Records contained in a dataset
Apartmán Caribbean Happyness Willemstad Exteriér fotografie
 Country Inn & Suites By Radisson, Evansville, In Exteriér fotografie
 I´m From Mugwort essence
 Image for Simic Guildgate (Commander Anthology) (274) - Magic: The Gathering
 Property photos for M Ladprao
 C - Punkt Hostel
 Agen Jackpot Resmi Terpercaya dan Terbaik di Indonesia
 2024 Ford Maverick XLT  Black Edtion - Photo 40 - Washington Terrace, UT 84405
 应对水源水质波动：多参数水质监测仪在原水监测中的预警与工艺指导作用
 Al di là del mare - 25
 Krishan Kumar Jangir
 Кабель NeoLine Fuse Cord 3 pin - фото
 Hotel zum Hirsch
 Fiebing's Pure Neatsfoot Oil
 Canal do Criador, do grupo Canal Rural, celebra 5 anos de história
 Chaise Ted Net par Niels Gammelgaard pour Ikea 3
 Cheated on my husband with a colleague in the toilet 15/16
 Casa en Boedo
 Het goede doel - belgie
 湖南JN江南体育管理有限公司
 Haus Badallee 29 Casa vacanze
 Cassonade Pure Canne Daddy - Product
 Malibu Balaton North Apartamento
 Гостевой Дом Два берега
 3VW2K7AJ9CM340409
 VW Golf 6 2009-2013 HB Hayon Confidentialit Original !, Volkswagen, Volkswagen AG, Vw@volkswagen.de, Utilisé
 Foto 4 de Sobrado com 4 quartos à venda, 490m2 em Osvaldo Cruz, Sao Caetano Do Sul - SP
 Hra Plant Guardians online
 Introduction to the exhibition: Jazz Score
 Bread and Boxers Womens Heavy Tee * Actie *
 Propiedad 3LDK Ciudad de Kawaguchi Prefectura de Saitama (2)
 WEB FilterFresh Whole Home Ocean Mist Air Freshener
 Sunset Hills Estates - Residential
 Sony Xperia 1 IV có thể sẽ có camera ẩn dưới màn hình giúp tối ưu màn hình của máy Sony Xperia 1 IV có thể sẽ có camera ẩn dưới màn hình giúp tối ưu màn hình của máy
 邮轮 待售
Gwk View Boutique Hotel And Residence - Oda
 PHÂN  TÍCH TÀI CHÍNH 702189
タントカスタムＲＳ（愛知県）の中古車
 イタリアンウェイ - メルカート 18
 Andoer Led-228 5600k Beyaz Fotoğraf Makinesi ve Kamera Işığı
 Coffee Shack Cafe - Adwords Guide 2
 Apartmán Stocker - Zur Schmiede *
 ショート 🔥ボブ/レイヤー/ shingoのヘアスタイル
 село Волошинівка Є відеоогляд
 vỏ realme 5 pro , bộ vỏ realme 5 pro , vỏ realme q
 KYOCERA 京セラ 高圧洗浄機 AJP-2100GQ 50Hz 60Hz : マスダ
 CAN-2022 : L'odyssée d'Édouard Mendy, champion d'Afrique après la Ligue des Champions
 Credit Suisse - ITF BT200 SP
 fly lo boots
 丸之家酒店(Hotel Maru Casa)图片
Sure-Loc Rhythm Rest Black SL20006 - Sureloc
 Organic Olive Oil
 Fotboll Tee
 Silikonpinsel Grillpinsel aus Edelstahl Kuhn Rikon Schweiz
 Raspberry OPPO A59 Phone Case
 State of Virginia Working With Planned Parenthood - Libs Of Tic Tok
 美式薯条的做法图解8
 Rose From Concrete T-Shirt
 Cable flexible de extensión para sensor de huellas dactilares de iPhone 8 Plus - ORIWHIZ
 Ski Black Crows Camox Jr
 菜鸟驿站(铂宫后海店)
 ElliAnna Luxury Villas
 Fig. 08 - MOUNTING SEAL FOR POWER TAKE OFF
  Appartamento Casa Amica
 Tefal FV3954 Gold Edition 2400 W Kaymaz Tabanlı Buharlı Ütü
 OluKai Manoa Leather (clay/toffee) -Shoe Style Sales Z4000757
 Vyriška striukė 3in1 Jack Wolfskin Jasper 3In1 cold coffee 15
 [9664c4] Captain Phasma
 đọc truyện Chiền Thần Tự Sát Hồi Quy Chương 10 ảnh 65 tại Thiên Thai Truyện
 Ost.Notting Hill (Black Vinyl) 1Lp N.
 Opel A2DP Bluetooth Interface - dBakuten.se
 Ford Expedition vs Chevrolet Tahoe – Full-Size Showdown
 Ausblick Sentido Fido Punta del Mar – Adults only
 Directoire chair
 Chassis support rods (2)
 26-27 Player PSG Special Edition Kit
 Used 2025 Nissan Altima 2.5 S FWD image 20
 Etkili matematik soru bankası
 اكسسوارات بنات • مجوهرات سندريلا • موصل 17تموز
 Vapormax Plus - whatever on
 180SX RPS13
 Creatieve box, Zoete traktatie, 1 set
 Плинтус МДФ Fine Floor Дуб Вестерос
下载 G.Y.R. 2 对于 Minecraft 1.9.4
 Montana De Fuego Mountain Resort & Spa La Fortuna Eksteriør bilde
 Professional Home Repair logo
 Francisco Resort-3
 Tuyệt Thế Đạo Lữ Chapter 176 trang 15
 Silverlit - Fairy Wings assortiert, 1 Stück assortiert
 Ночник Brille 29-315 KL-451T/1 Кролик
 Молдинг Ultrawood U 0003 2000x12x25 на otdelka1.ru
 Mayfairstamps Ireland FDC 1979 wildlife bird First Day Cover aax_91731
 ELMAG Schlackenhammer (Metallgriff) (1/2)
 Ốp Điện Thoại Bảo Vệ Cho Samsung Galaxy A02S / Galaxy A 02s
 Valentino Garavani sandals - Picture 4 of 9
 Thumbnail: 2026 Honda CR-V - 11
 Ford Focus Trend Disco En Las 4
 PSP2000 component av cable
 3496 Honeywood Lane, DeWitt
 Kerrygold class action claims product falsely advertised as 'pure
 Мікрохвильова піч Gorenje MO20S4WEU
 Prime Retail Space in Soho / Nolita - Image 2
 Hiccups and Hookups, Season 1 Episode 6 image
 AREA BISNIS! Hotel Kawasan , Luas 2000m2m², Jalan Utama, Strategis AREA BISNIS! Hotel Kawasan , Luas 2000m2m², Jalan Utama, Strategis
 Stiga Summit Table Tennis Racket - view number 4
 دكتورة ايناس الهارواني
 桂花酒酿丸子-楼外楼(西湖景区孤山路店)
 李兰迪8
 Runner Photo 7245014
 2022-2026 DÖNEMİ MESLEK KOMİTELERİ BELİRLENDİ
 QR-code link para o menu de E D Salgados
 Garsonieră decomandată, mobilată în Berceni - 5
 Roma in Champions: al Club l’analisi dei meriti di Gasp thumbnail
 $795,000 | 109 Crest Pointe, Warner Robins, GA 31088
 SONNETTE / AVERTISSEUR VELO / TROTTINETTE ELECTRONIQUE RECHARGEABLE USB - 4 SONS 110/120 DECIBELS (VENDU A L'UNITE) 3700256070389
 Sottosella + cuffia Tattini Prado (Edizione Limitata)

Your task: Restate word for word the entries above, starting at the line with "Introduction to the exhibition: Jazz Score" and ending at the line with "丸之家酒店(Hotel Maru Casa)图片", inclusive, and no others.

Response to this exercise:
 Introduction to the exhibition: Jazz Score
 Bread and Boxers Womens Heavy Tee * Actie *
 Propiedad 3LDK Ciudad de Kawaguchi Prefectura de Saitama (2)
 WEB FilterFresh Whole Home Ocean Mist Air Freshener
 Sunset Hills Estates - Residential
 Sony Xperia 1 IV có thể sẽ có camera ẩn dưới màn hình giúp tối ưu màn hình của máy Sony Xperia 1 IV có thể sẽ có camera ẩn dưới màn hình giúp tối ưu màn hình của máy
 邮轮 待售
Gwk View Boutique Hotel And Residence - Oda
 PHÂN  TÍCH TÀI CHÍNH 702189
タントカスタムＲＳ（愛知県）の中古車
 イタリアンウェイ - メルカート 18
 Andoer Led-228 5600k Beyaz Fotoğraf Makinesi ve Kamera Işığı
 Coffee Shack Cafe - Adwords Guide 2
 Apartmán Stocker - Zur Schmiede *
 ショート 🔥ボブ/レイヤー/ shingoのヘアスタイル
 село Волошинівка Є відеоогляд
 vỏ realme 5 pro , bộ vỏ realme 5 pro , vỏ realme q
 KYOCERA 京セラ 高圧洗浄機 AJP-2100GQ 50Hz 60Hz : マスダ
 CAN-2022 : L'odyssée d'Édouard Mendy, champion d'Afrique après la Ligue des Champions
 Credit Suisse - ITF BT200 SP
 fly lo boots
 丸之家酒店(Hotel Maru Casa)图片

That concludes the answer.